(Source material)

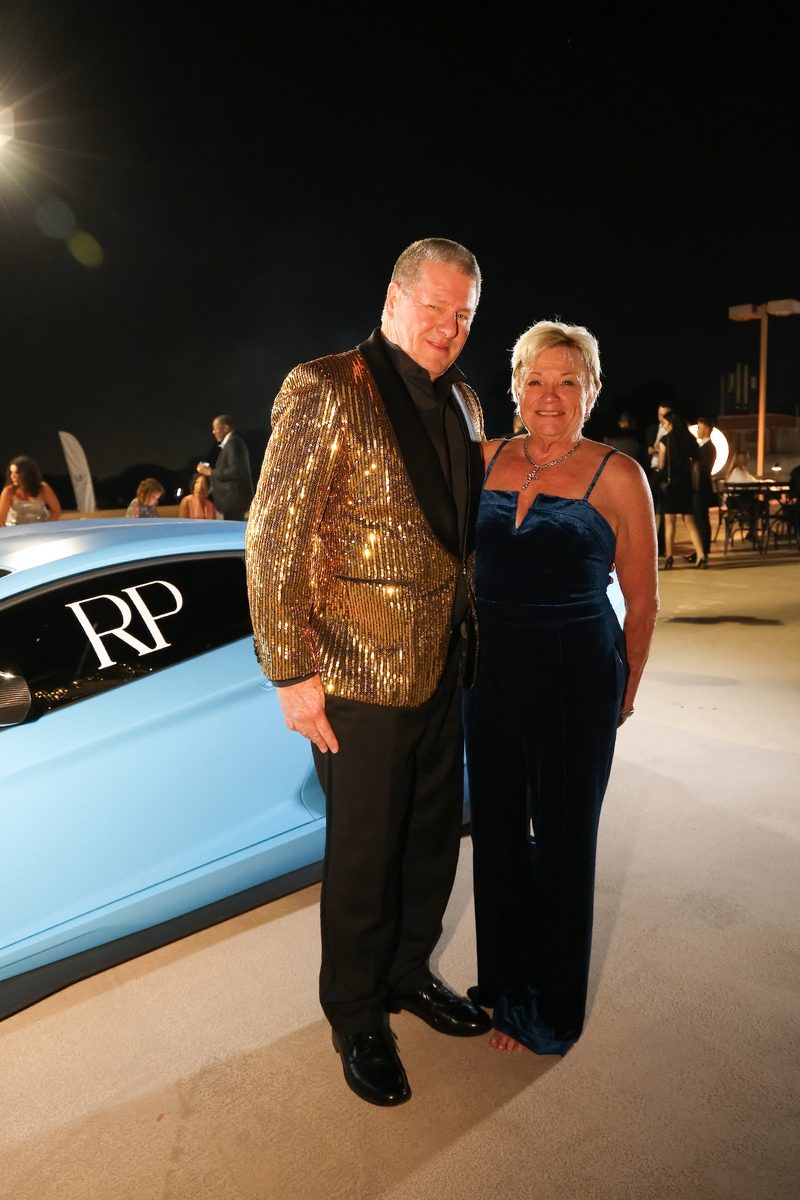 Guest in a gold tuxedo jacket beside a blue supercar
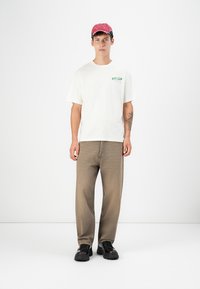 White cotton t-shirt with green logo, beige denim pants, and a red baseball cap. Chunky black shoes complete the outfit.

(End Source material)
(Source material)

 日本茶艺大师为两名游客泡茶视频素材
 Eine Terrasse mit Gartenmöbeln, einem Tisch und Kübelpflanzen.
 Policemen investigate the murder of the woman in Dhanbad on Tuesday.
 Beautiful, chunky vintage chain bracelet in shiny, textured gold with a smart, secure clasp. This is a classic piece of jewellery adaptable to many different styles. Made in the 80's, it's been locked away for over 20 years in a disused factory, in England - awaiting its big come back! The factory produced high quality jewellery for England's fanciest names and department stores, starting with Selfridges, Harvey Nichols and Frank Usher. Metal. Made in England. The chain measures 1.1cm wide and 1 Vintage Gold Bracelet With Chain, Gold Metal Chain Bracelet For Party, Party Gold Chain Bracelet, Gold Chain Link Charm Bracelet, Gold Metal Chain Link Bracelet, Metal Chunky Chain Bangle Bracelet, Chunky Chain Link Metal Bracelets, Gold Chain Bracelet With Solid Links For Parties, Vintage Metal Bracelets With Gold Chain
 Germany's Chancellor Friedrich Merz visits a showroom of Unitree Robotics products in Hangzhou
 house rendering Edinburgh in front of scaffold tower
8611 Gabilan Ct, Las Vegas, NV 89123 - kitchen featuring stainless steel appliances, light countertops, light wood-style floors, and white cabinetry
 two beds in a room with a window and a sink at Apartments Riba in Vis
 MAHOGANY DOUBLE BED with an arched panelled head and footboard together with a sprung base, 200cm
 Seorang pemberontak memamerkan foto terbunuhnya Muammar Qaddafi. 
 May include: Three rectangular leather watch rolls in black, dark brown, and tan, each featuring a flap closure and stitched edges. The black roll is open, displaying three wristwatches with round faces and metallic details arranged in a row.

(End Source material)

Using the listing above, show every line that includes the string "featuring".

*Reply to the exercise*:
8611 Gabilan Ct, Las Vegas, NV 89123 - kitchen featuring stainless steel appliances, light countertops, light wood-style floors, and white cabinetry
 May include: Three rectangular leather watch rolls in black, dark brown, and tan, each featuring a flap closure and stitched edges. The black roll is open, displaying three wristwatches with round faces and metallic details arranged in a row.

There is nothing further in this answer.